What is being asked: Take the lines from the head of the listing through the one bearing "Load image into" and copy them exactly, leaving every picture out.

Input for this task:
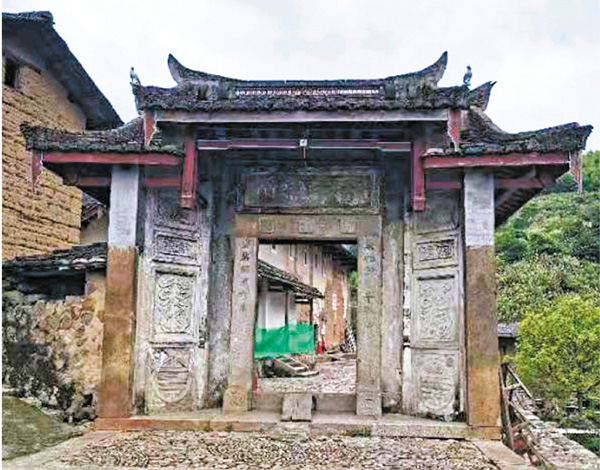 ●屋頂有一排像鋼琴鍵一樣的裝飾，挑簷上有兩隻飛鳥。 作者提供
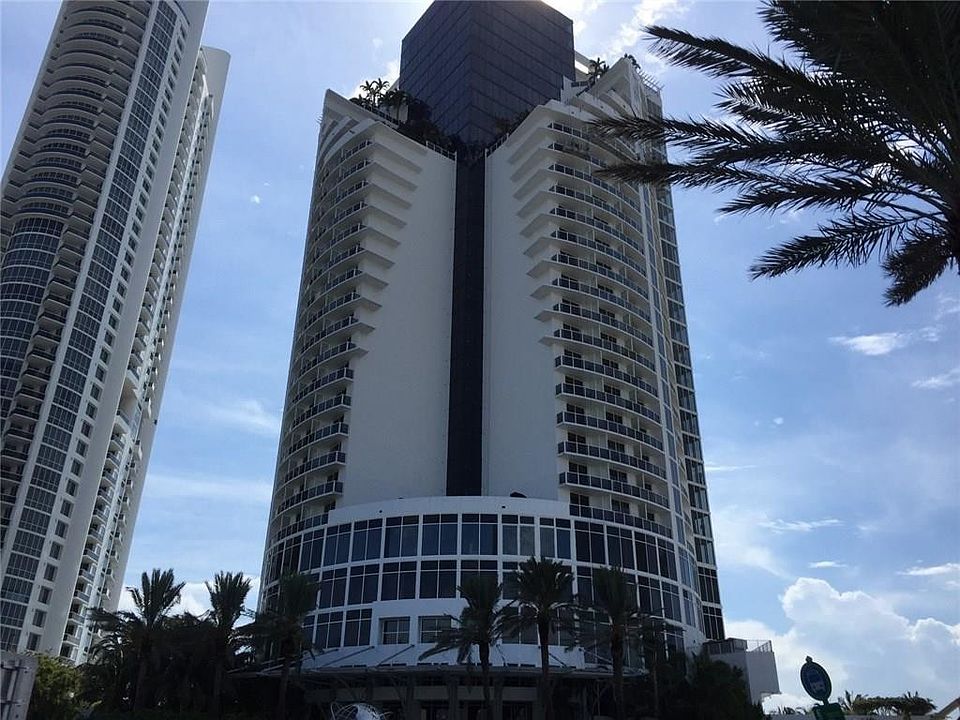 1st image of 18001 NE Collins Avenue #1703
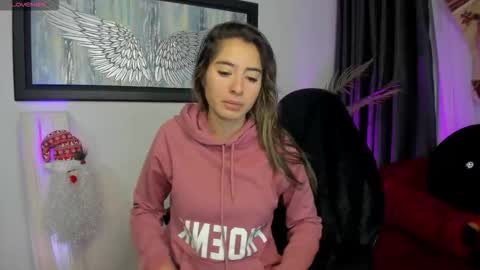 Charlote online show from December 2025 11:37:02 AM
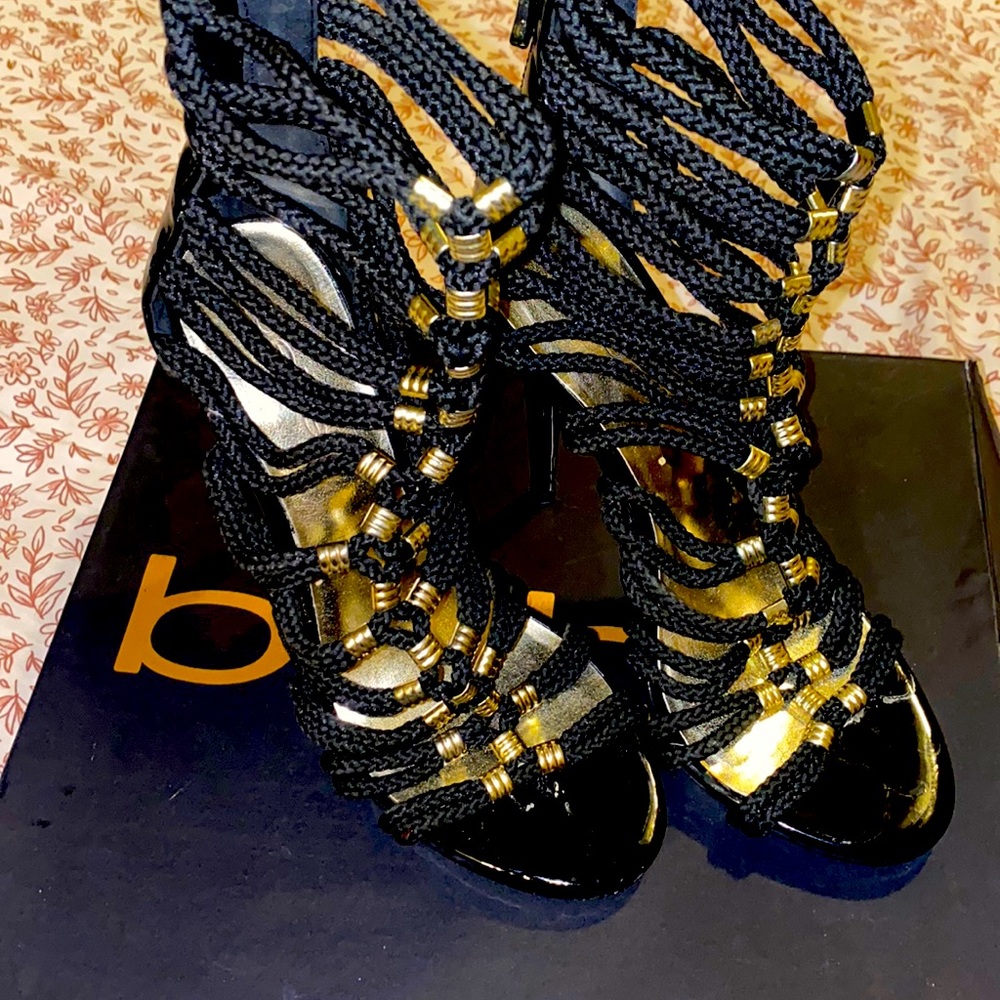 Bebe black hills Have been worn a few times a size 7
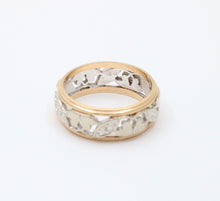 Load image into Gallery viewer, Vintage Heart and Leaves 14K White Yellow Gold Ring Band
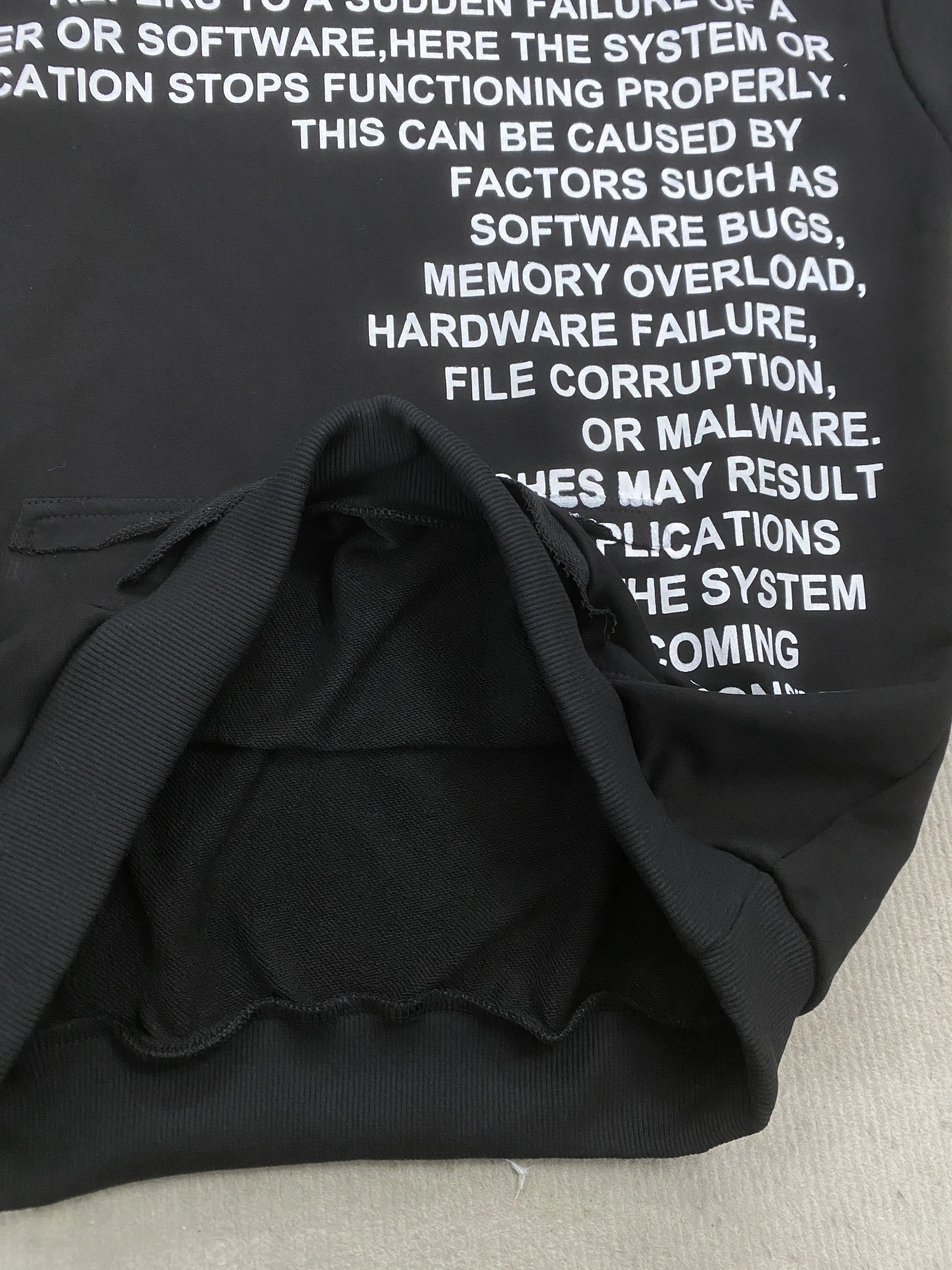 新しいヨーロッパとアメリカのスタイルのフード付きジッパー付きパーカー、ストリートスタイル、個性的なルーズフィット、ポケット、レタープリント、ダークカラー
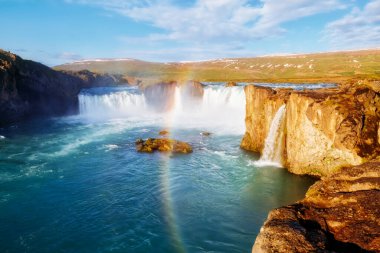 Parlak, güneşli, güçlü Godafoss çağlayanı manzarası çok güzel. Popüler turist eğlencesi. Alışılmadık ve pitoresk bir sahne. Bardardalur Vadisi, Skjalfandafljot Nehri, İzlanda, Avrupa. Güzellik dünyası.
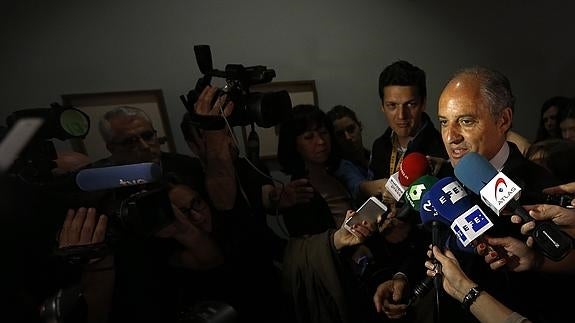 El expresidente de la Generalitat Valenciana, Francisco Camps, a su llegada a la comisión de investigación.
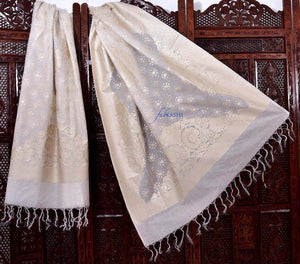 White Benarasi Dupatta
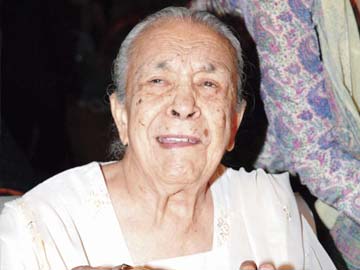 Padma Vibhushan winner Zohra Sehgal pleading for home!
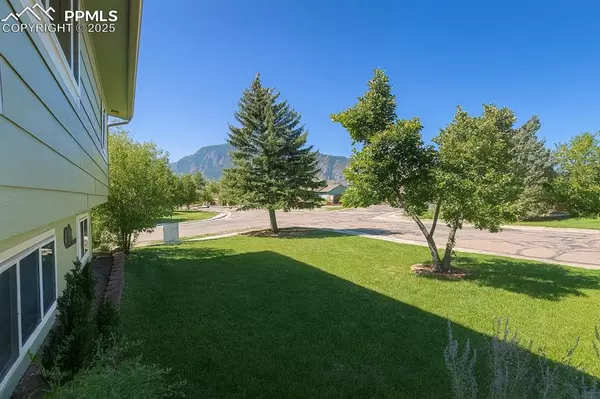 Colorado Springs, CO 80906,3865 Rosemere ST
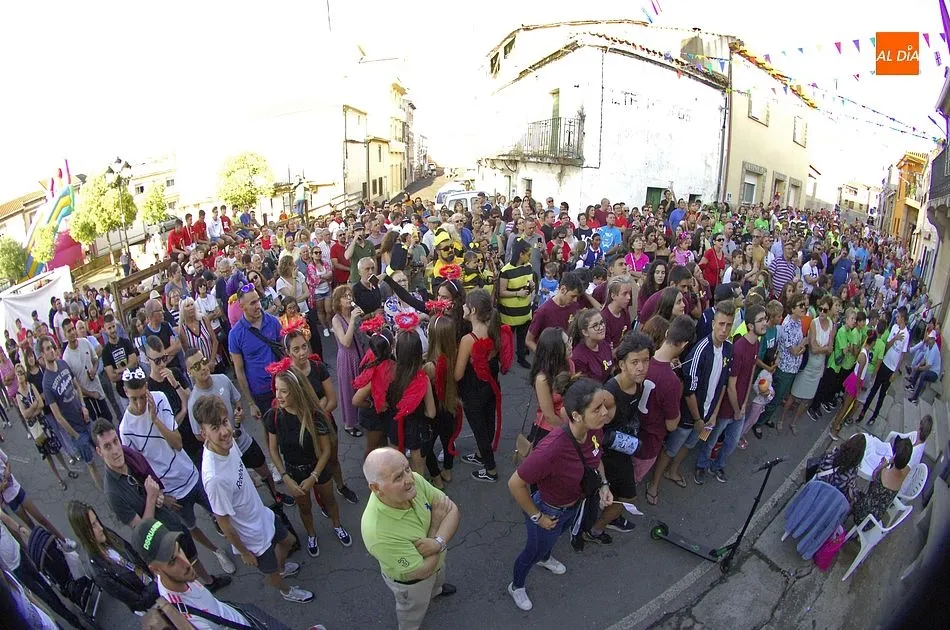Foto 9 - Las pe&ntilde;as llenan de colorido el arranque oficial de las fiestas de El Bod&oacute;n  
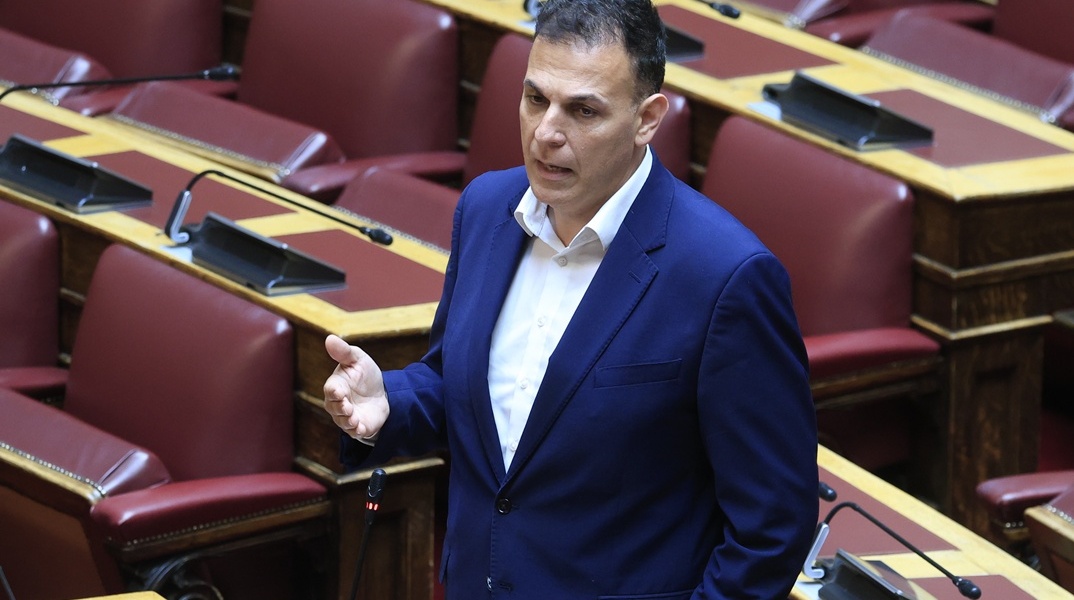 Γιώργος Καραμέρος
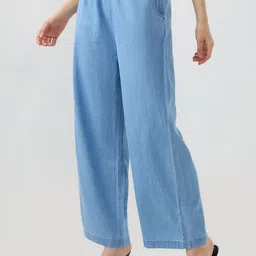 SPYKAR Women Regular Fit High-Rise Light Fade Jeans image 4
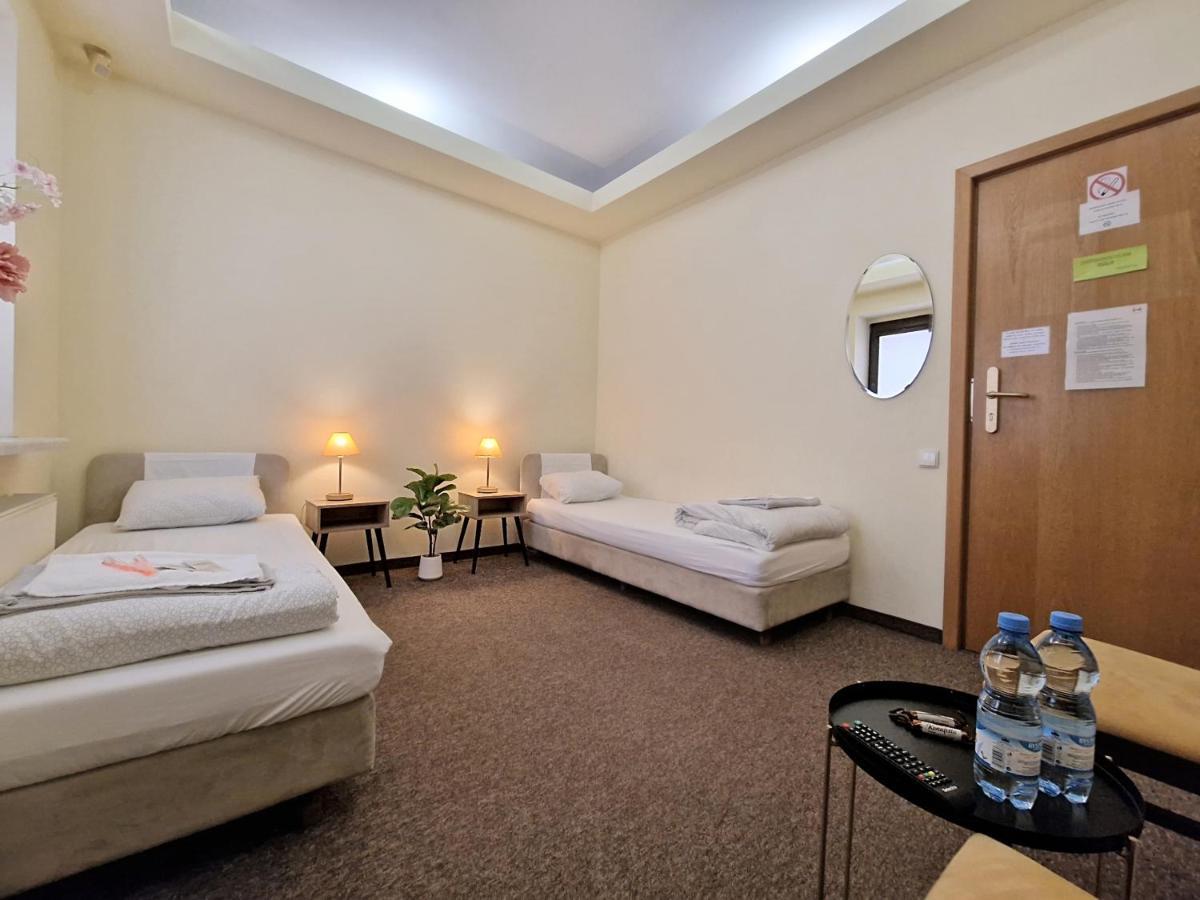 Helvetia Plus B&B - Private Rooms And Apartments Varsovia Exterior foto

Answer below:
 ●屋頂有一排像鋼琴鍵一樣的裝飾，挑簷上有兩隻飛鳥。 作者提供
 1st image of 18001 NE Collins Avenue #1703
 Charlote online show from December 2025 11:37:02 AM
 Bebe black hills Have been worn a few times a size 7
 Load image into Gallery viewer, Vintage Heart and Leaves 14K White Yellow Gold Ring Band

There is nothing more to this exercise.